THE TASK: Among the entries below, only the lines starting at the one with "Hi, my name's" and ending at the one with "Hit continue to", both included, are to be printed exactly.
━━━━━ DATA LISTING
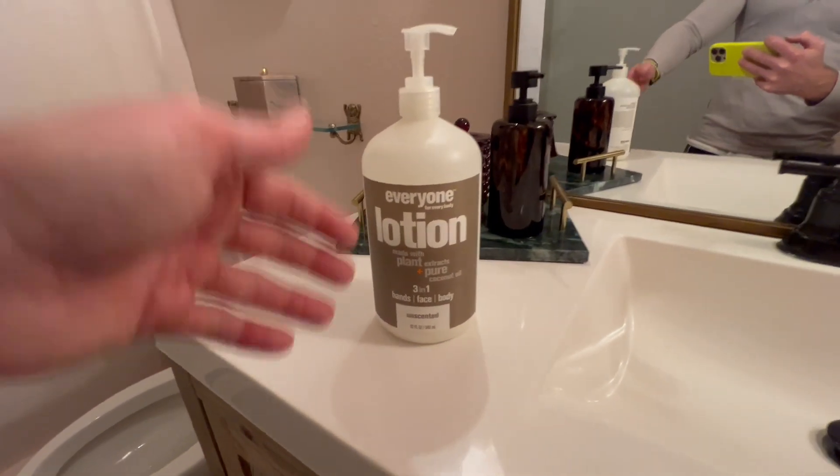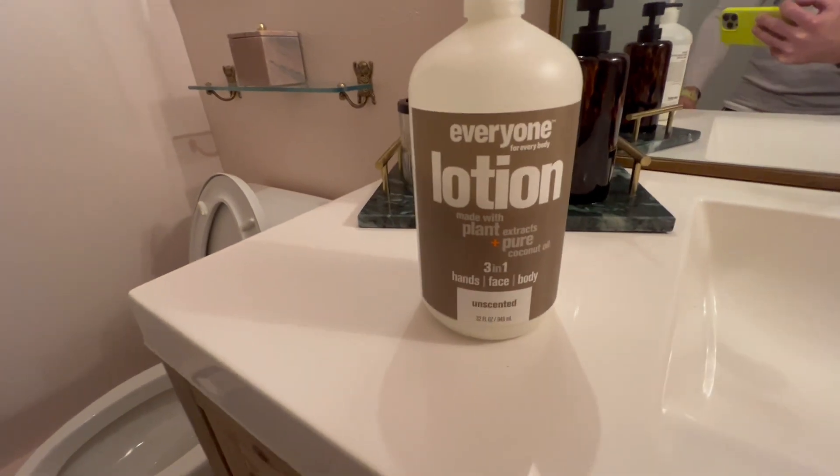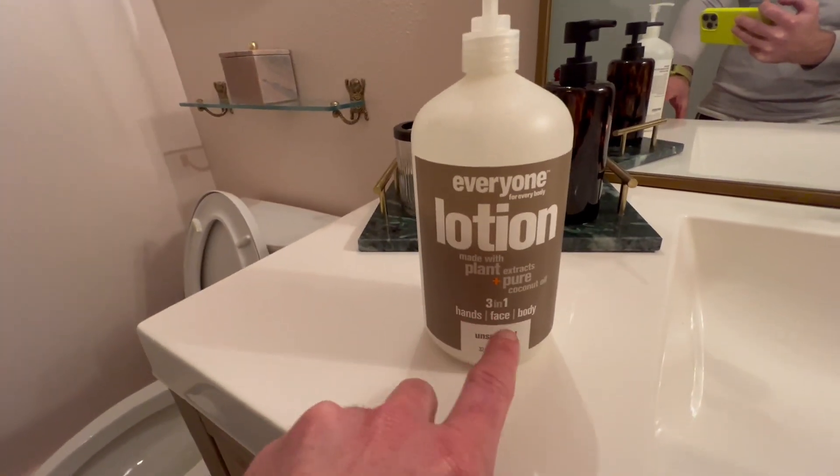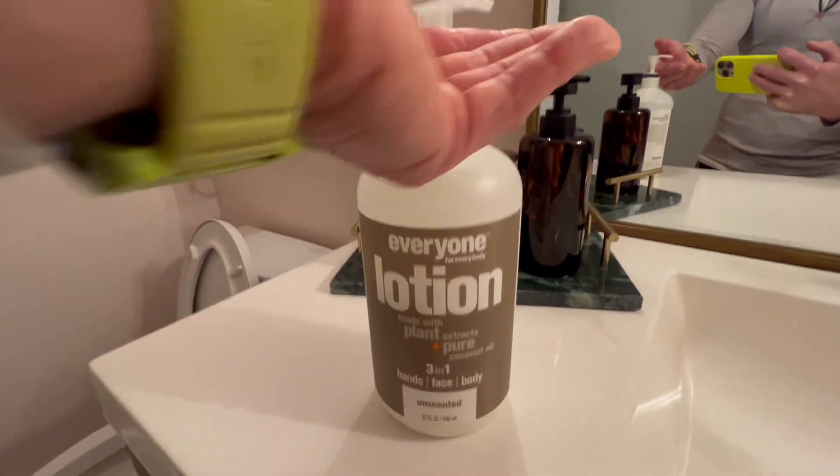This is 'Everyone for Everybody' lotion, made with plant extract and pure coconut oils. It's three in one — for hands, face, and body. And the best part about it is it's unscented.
━━━━━━━━━━
━━━━━ DATA LISTING
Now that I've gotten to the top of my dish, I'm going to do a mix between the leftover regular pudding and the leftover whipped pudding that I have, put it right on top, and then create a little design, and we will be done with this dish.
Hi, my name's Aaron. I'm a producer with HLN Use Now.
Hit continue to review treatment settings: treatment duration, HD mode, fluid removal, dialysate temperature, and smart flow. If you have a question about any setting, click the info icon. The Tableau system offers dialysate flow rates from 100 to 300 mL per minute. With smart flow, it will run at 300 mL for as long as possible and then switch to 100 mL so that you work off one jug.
━━━━━━━━━━
TASK OUTPUT:
Hi, my name's Aaron. I'm a producer with HLN Use Now.
Hit continue to review treatment settings: treatment duration, HD mode, fluid removal, dialysate temperature, and smart flow. If you have a question about any setting, click the info icon. The Tableau system offers dialysate flow rates from 100 to 300 mL per minute. With smart flow, it will run at 300 mL for as long as possible and then switch to 100 mL so that you work off one jug.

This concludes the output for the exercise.